» Action item:
Where the line with "Thank you for joining" appears below, start writing out lines exactly, and finish with the line with "Integrating market basket", which is included; write out nothing else.

(Beginning of Data shown)

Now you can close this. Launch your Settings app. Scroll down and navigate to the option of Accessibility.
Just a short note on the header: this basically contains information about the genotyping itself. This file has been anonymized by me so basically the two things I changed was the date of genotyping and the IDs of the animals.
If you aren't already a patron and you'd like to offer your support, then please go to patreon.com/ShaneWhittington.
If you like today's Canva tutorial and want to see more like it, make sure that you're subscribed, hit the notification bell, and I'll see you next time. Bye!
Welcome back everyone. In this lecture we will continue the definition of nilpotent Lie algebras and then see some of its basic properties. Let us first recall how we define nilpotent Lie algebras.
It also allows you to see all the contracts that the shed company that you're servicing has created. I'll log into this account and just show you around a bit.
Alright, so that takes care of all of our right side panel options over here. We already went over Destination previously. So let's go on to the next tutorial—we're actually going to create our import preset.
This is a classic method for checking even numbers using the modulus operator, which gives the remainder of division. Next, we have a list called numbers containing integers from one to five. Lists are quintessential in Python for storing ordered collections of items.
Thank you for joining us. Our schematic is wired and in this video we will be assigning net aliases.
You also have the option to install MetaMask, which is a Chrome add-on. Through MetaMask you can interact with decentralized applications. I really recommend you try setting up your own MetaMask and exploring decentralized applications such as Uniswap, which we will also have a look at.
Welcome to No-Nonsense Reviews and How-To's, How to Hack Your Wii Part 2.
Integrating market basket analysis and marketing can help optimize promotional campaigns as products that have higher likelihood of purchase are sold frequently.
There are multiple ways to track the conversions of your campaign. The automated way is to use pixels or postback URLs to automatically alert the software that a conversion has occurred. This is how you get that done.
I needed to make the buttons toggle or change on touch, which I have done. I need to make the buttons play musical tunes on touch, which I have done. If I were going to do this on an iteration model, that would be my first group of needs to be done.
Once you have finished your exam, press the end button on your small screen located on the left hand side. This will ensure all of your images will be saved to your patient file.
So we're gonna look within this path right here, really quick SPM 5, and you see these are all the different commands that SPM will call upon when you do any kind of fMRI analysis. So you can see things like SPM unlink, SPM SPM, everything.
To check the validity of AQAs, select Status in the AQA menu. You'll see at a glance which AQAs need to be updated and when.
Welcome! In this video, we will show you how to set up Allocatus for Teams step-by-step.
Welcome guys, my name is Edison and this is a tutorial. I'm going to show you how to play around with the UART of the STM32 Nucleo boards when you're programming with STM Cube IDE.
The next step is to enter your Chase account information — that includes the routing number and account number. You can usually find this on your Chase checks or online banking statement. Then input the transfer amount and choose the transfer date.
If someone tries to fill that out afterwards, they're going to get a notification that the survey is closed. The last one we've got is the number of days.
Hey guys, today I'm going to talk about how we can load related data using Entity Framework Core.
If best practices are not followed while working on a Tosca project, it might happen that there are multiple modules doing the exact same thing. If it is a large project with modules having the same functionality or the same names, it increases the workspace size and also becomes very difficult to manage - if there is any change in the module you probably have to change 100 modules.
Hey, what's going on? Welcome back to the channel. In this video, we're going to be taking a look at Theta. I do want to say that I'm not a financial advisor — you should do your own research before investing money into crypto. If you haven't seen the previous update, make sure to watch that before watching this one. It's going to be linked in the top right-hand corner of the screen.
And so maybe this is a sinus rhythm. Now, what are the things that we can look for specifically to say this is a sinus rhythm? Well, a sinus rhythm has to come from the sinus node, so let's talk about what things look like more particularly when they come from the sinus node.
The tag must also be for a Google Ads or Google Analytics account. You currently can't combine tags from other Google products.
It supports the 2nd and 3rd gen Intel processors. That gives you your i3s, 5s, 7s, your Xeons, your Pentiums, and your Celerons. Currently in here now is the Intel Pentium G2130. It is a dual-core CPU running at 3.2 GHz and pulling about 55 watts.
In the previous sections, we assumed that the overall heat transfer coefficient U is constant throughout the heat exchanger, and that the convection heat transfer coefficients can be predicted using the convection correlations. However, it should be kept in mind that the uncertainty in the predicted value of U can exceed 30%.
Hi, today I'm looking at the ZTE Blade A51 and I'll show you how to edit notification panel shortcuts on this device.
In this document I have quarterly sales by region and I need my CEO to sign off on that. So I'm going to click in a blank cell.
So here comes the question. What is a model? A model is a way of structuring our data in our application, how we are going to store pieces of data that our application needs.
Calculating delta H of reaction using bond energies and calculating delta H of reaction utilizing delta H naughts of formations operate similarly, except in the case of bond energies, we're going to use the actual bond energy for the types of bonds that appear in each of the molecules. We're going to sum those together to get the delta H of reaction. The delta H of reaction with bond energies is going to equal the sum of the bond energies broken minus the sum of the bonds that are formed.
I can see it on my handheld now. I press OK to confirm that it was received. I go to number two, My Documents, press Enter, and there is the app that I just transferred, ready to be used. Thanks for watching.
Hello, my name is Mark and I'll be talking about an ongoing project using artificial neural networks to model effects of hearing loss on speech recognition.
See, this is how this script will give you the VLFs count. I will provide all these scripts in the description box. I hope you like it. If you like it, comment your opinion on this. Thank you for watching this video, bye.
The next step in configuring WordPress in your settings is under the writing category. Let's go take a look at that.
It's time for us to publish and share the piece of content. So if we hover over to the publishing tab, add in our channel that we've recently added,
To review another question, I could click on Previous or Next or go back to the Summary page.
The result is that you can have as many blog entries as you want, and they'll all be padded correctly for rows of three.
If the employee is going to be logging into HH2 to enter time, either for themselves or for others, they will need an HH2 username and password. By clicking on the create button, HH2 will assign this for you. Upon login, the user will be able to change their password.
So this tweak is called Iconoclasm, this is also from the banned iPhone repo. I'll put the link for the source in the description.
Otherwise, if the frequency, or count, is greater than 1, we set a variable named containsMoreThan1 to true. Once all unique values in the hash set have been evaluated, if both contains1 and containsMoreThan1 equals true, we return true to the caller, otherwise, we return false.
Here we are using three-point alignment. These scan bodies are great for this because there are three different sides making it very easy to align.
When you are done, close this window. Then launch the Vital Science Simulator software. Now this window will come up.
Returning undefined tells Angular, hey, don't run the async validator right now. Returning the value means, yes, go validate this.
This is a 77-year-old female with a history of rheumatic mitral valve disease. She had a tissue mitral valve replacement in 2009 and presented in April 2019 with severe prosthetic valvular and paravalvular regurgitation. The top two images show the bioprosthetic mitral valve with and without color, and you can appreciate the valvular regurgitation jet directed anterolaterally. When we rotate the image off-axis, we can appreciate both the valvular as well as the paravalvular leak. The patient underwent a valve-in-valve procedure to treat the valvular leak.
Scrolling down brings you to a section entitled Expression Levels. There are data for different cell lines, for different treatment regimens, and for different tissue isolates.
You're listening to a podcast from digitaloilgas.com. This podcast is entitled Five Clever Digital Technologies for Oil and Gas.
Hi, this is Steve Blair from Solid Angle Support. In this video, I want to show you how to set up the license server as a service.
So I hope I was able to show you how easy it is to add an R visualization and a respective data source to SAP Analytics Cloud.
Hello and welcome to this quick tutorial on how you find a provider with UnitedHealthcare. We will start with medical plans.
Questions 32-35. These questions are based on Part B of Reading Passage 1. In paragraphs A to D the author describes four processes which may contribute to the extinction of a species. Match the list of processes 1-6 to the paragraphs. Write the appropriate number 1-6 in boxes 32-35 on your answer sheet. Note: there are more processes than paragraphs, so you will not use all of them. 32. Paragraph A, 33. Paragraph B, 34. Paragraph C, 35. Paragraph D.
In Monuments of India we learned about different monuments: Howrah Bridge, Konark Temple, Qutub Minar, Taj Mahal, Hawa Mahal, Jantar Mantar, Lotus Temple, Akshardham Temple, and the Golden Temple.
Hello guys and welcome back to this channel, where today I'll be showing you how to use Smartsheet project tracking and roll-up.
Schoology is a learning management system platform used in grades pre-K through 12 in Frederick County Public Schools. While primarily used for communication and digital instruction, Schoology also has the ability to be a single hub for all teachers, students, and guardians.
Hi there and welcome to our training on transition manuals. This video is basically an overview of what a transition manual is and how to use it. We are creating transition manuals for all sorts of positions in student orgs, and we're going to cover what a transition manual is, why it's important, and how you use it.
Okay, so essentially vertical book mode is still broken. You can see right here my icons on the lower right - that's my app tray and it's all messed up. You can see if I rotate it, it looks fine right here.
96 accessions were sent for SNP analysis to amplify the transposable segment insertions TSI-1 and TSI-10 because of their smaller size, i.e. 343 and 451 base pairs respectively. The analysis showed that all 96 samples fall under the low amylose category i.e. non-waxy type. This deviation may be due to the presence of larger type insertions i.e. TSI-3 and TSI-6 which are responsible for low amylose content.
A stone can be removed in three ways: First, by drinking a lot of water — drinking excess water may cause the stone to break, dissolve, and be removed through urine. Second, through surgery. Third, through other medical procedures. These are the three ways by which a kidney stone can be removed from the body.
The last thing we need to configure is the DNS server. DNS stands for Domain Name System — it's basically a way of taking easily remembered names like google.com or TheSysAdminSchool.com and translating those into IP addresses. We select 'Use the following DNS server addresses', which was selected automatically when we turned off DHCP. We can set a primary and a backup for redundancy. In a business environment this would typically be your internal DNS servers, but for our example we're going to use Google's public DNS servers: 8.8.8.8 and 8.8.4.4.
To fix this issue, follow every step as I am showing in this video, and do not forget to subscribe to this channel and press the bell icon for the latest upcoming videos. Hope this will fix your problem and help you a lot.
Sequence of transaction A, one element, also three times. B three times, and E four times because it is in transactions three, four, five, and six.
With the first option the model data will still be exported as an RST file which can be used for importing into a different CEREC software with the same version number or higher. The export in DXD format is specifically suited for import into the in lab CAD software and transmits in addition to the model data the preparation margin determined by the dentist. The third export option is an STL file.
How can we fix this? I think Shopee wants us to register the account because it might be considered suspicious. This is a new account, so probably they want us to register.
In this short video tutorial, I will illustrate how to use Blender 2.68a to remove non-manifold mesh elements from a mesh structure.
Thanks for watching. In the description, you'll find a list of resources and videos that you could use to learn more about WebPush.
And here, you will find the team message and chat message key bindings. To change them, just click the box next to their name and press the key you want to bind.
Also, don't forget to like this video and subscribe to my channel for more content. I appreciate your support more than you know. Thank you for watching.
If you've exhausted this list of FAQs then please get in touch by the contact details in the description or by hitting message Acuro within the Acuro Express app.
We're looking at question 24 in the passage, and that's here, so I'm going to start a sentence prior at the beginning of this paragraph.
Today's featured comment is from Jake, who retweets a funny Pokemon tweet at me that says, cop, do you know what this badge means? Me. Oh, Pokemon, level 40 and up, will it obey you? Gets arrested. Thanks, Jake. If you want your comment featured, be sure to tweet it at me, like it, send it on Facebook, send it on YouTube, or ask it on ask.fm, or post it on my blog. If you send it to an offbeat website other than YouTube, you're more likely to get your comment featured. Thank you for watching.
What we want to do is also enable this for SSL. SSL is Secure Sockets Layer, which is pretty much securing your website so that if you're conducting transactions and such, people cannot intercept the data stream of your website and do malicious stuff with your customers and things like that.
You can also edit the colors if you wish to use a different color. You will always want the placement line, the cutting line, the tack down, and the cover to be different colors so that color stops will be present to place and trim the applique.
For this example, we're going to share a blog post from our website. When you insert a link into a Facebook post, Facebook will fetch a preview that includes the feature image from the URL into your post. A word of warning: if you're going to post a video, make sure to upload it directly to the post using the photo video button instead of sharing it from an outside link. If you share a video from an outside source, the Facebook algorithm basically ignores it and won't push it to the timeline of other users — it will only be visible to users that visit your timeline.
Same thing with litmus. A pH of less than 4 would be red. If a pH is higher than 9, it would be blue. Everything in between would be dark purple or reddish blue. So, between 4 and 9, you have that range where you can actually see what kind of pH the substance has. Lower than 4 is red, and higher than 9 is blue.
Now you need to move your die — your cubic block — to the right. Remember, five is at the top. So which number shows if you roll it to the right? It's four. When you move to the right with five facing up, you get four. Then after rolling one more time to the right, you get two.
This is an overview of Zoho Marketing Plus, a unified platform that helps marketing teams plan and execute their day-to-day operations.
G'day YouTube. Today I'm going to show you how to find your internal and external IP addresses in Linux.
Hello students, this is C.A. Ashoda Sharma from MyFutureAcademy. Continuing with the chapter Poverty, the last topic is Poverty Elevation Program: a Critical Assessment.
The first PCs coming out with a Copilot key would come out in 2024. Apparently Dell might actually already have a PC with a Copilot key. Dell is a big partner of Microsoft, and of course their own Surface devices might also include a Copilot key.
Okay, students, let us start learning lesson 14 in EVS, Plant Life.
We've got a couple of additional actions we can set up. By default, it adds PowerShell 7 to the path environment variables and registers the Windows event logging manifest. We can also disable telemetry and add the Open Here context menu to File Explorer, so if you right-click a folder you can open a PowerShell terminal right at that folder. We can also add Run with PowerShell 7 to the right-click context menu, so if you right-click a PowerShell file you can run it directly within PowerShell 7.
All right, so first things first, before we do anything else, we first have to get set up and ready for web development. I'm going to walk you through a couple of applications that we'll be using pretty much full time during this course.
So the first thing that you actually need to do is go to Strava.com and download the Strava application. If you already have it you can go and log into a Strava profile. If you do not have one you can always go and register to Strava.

(End of Data shown)

» Solution to this task:
Thank you for joining us. Our schematic is wired and in this video we will be assigning net aliases.
You also have the option to install MetaMask, which is a Chrome add-on. Through MetaMask you can interact with decentralized applications. I really recommend you try setting up your own MetaMask and exploring decentralized applications such as Uniswap, which we will also have a look at.
Welcome to No-Nonsense Reviews and How-To's, How to Hack Your Wii Part 2.
Integrating market basket analysis and marketing can help optimize promotional campaigns as products that have higher likelihood of purchase are sold frequently.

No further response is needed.